***** Data supplied

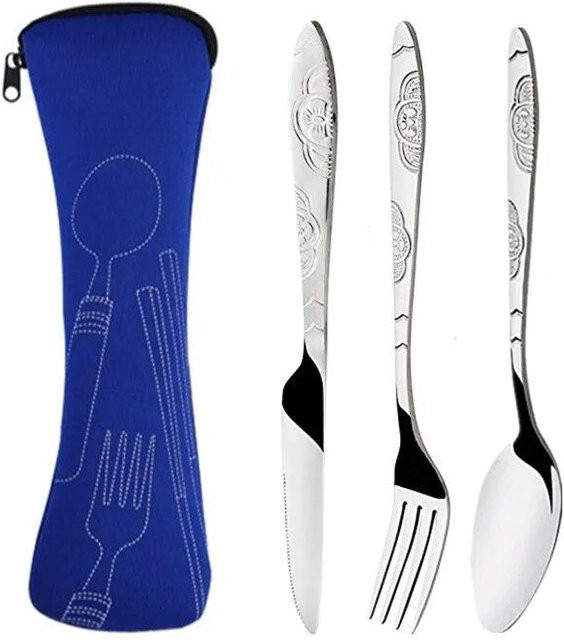 Eyeful Besteckset aus Edelstahl mit Etui, 3-teilig, Dunkelblau - Bild 1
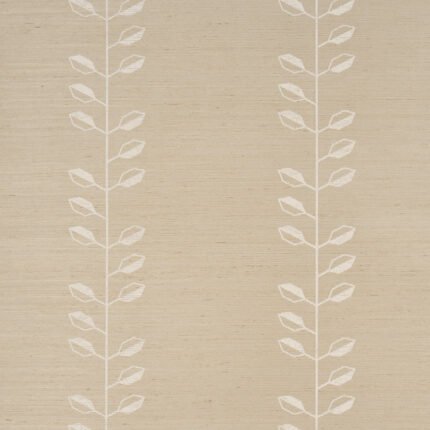 GEO LEAF SISAL BONE & WHITE Grasscloth Wallcovering by Schumacher Textured & Woven Wallcoverings Wallpaper SCH-5016700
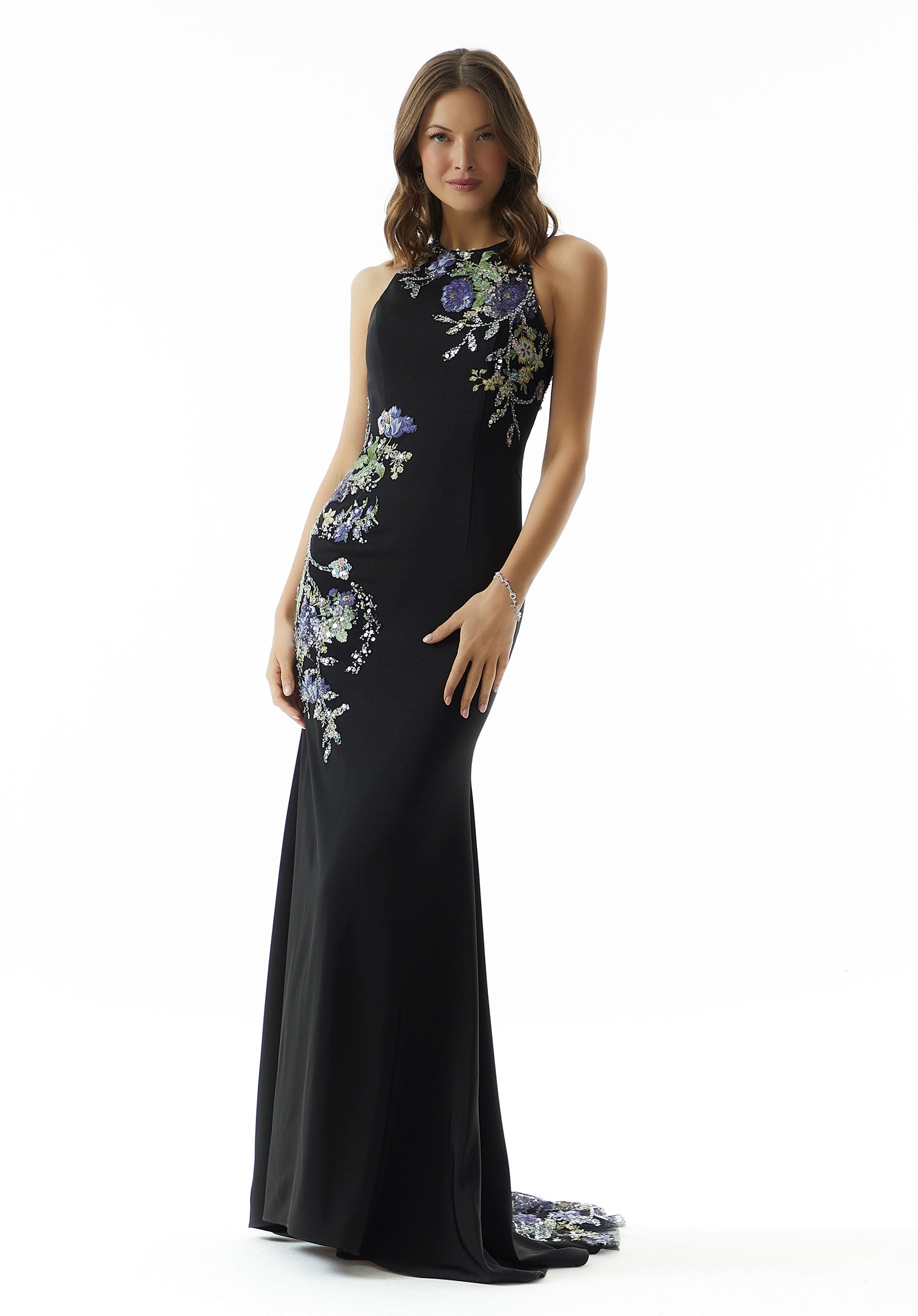 Beaded Contrasting Floral Embroidered Evening Gown Morilee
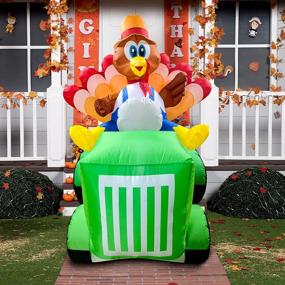 img 1 attached to 8Ft Thanksgiving Inflatable Turkey Driving Car Decor With LED Lights - Perfect For Indoor/Outdoor Parties, Yard, Garden, And Lawn Fall Decorations By Joiedomi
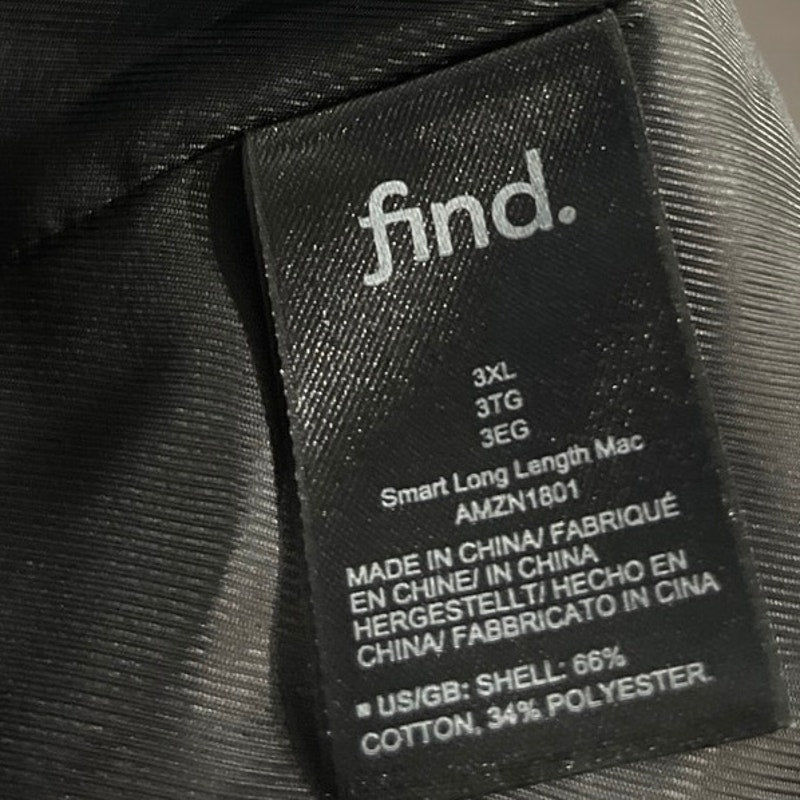 Find. Long Black Trench coat Jacket SZ 3XL Minimalist Casual Overcoat
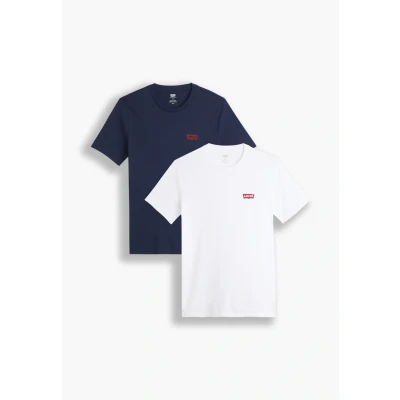 Image of Levi&#039;s Crewneck Graphic 2 PACK Basic Tshirt, Men&#039;s, Size: Medium, White/dark blue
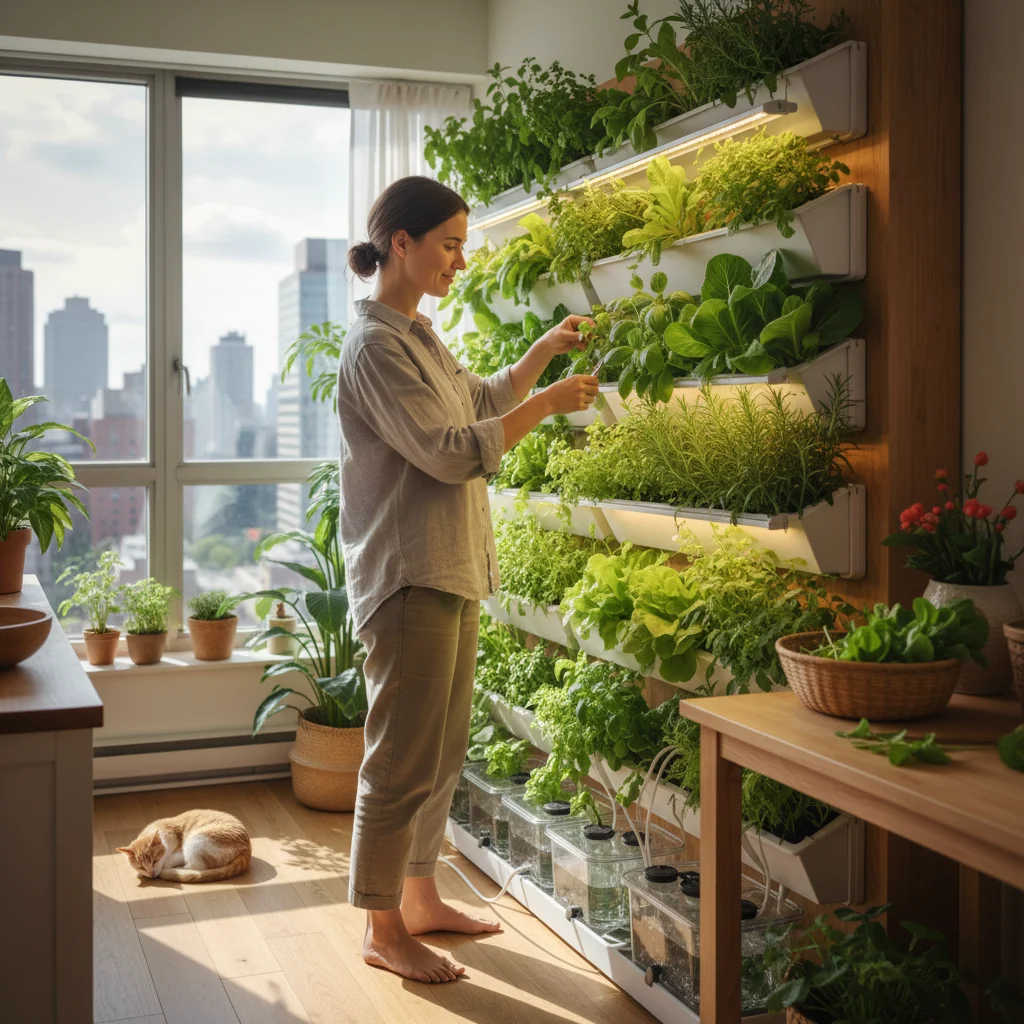 Person harvesting herbs from an indoor vertical hydroponic garden.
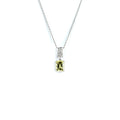 Emerald Cut Lemon Quartz Pendant Necklace by Fine Color Jewels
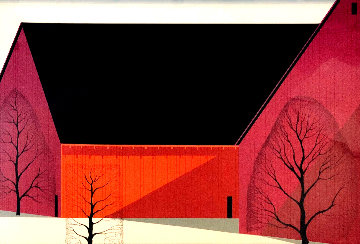 Western Barn 1989 Limited Edition Print - Eyvind Earle Western Barn 1989 Limited Edition Print - Eyvind Earle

**********

### [Task to complete]
Print only the lines from the line that contains "Person harvesting herbs" to the final line of the data, inclusive. Pictures stay out.

### [Answer box]
 Person harvesting herbs from an indoor vertical hydroponic garden.
 Emerald Cut Lemon Quartz Pendant Necklace by Fine Color Jewels
 Western Barn 1989 Limited Edition Print - Eyvind Earle Western Barn 1989 Limited Edition Print - Eyvind Earle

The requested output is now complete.